→ Task goal
The material below has pictures in it. Set down only the lines from the line containing "Buy Rajasthani Lady" through the line containing "Warm, toasted hoagie", word for word, and leave the pictures behind.

→ Input

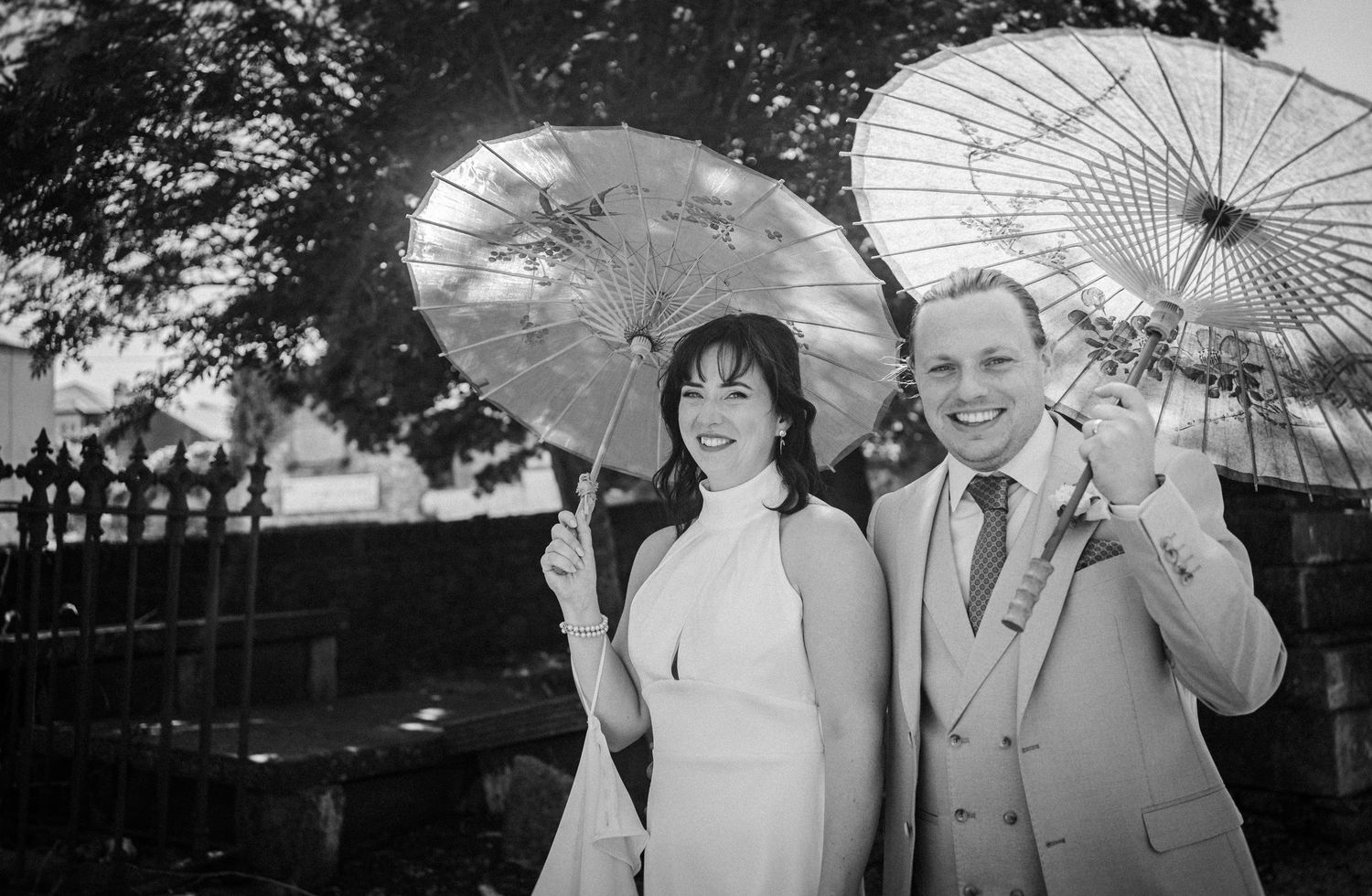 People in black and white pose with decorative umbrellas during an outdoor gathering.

--

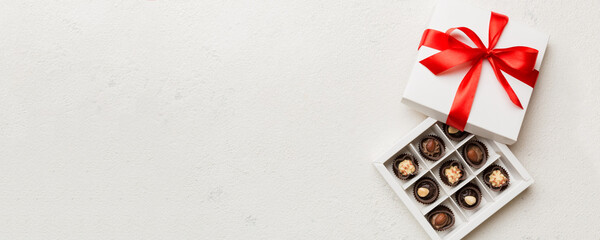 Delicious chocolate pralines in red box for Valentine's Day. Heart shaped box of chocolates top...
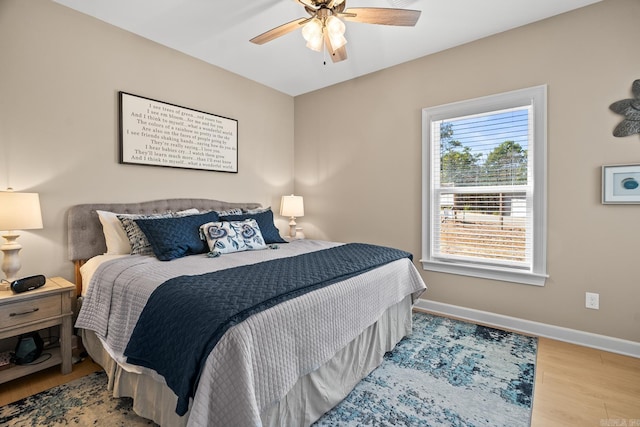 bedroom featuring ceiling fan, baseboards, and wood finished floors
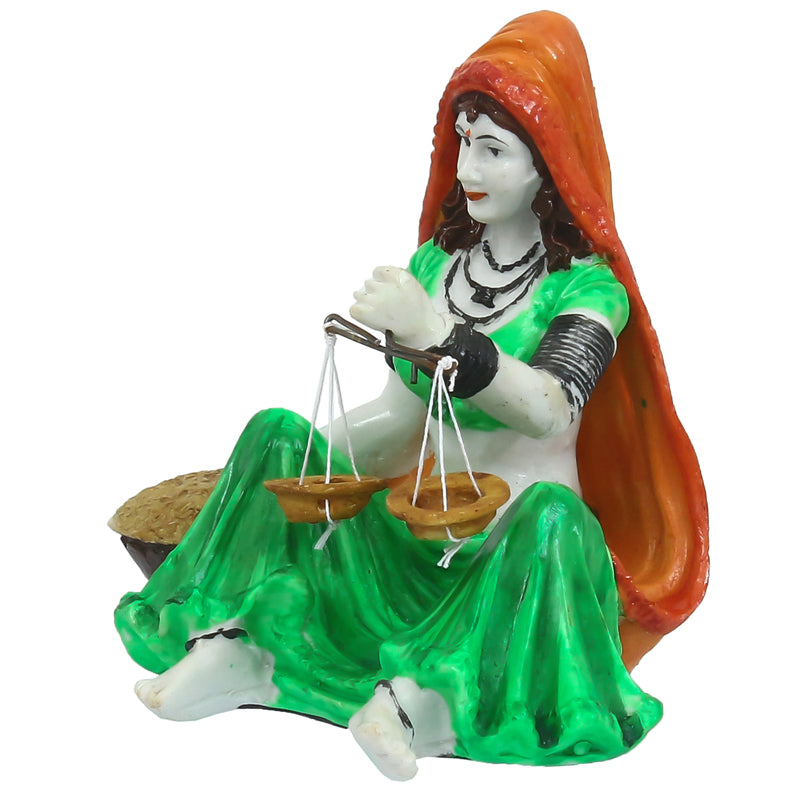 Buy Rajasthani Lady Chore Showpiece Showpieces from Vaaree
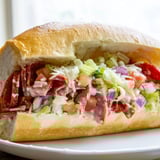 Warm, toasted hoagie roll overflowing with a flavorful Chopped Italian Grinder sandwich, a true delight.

→ Task result
 Buy Rajasthani Lady Chore Showpiece Showpieces from Vaaree
 Warm, toasted hoagie roll overflowing with a flavorful Chopped Italian Grinder sandwich, a true delight.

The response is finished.